Dans cet espace, j’ai rétabli un lien avec ma voix, couplet après refrain, en commençant parfois à adapter des bribes de mémos vocaux à la bonne tonalité, et parfois en commençant une chanson à partir de rien.
Au moment d’enregistrer, on a fait appel à Luc Hess (Coilguns) et son jeu franc, tranchant et brut pour assurer les parties de batterie. Louis Jucker s’est occupé de la prise de son, puis ensemble on a arrangé les morceaux pendant de longues semaines, et un an après le début de la composition on les a mixés nous-mêmes. J’ai fait appel à Johann Meyer (Gojira) pour la finalisation du son via un mastering par stems.

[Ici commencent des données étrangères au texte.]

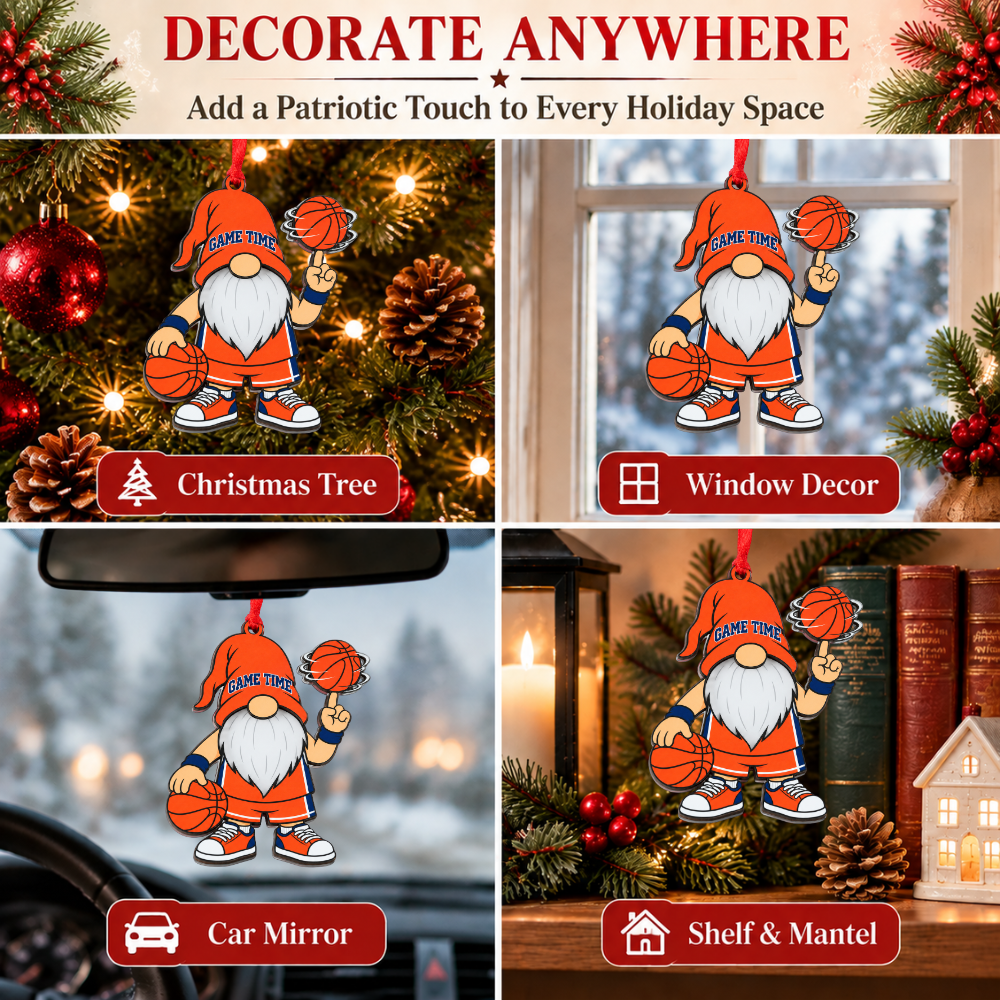 Basketball Christmas Ornament, Wood & Acrylic Christmas Tree Decoration, Holiday Gift for Basketball Lovers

Au cours de ce processus j’ai (re)trouvé ma voix, et décidé de changer de nom publiquement. J’ai compris que nos limitations sont aussi des ouvertures, que nos fragilités sont aussi nos horizons. En observant le monde, j’ai vu cette transformation partout : tout est mouvement. c’est peut-être ces observations que j’ai mises dans ces chansons et que le titre de l’album résume bien: il s’appelle « shifting forms », que l’on pourrait traduire par « en changeant de forme », ou « formes changeantes ».

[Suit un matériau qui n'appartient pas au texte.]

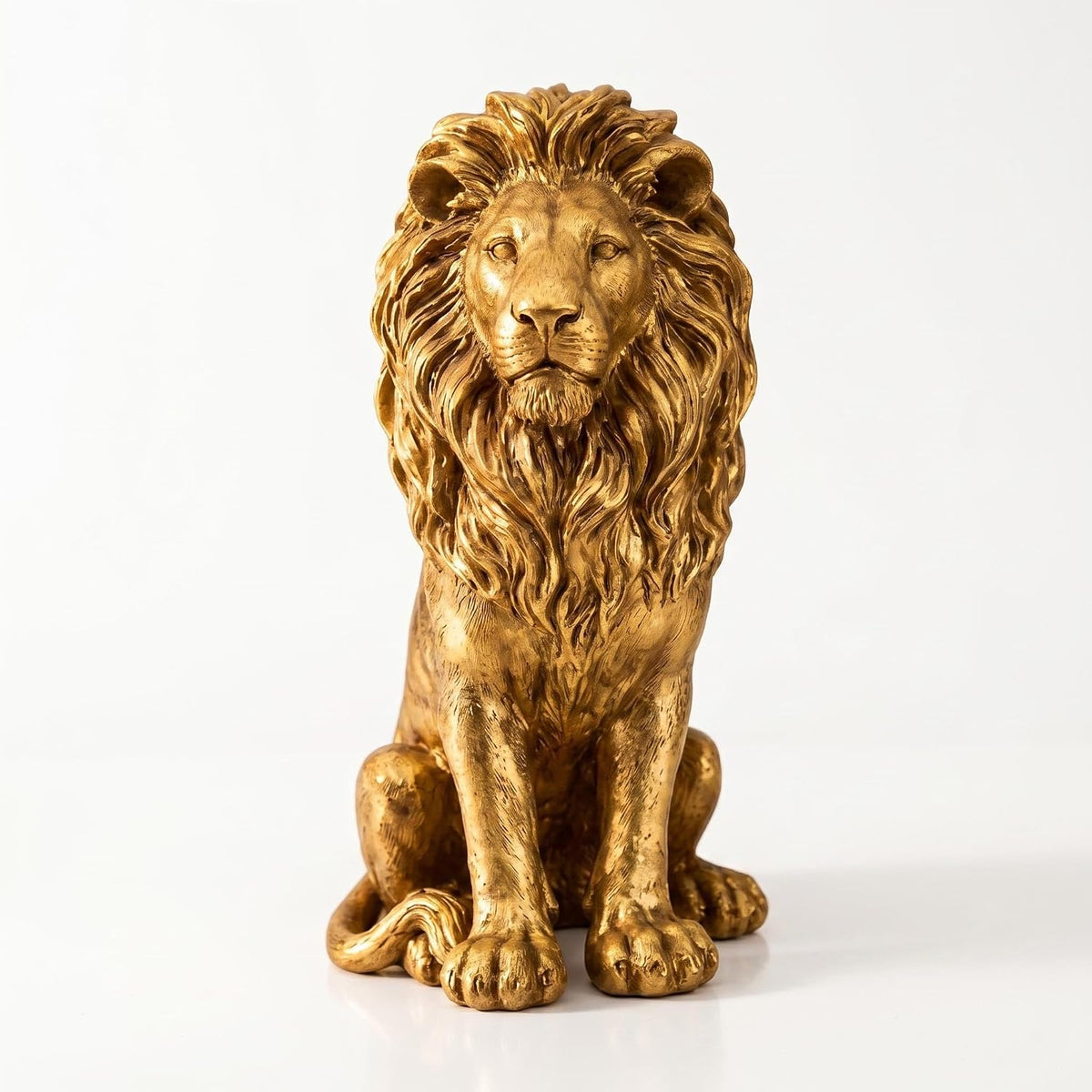 Large Gold Lion Statue, Resin Garden Sculpture, Outdoor Decor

J’entends sur l’opus du rude, du plus sensible aussi, tout ça de manière tranchée et sans que le procédé nuise au rendu. Y’aurait-il une forme de « schizophénie émotionelle » sur cette galette ? L’émotion est reine, semble t-il, sur ce disque… ?

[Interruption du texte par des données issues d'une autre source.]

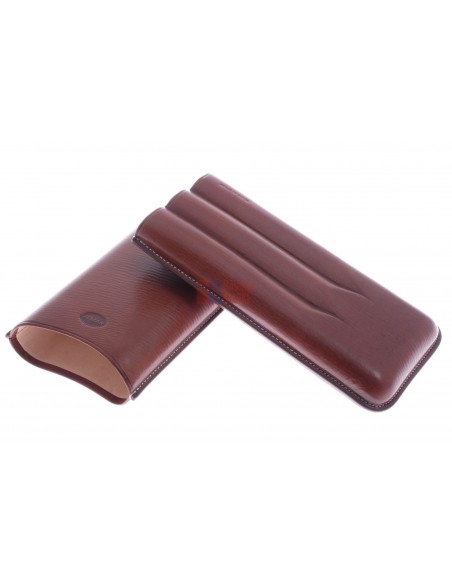 Чехол Jemar на 3 сигары (диаметром до 28 мм), натуральная кожа 497-3-Brown - купить в интернет-магазине Havana Smoke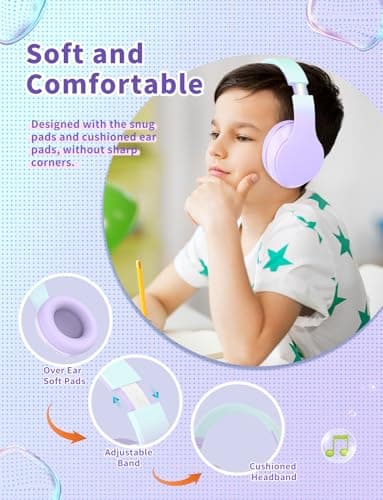 Kids Headphones, Wireless Kids Headphones Over Ear with Microphones, Stereo Sound, 10H Playtime, Foldable&Adjustable Children Headphones, Bluetooth 5.1 Headset for Adults, School, Travel (Purple) — view 3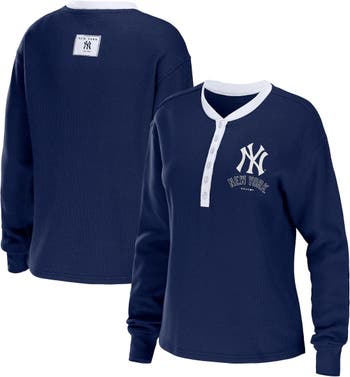WEAR by Erin Andrews New York Yankees Waffle Henley Long Sleeve T-shirt At  Nordstrom in Blue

Tous les morceaux que j’écrits sont des chansons aux mélodies pop, avec une esthétique et une instrumentation qu’on pourrait qualifier de « rock » – je joue principalement de la guitare électrique, parfois du piano, en duo avec un batteur. A partir de là, j’aime visiter toute la palette des possibles, et jouer avec les contrastes.
Cela se ressent peut-être moins sur mes albums précédents, mais en live j’ai toujours adoré fabriquer la setlist comme un voyage passant autant par des moments très énergiques que par des chansons calmes et ultra intimistes. On peut déjà trouver ça en regardant le « live at montreux jazz festival 2022 » qu’on avait donné en première partie de Nick Cave and the Bad Seeds.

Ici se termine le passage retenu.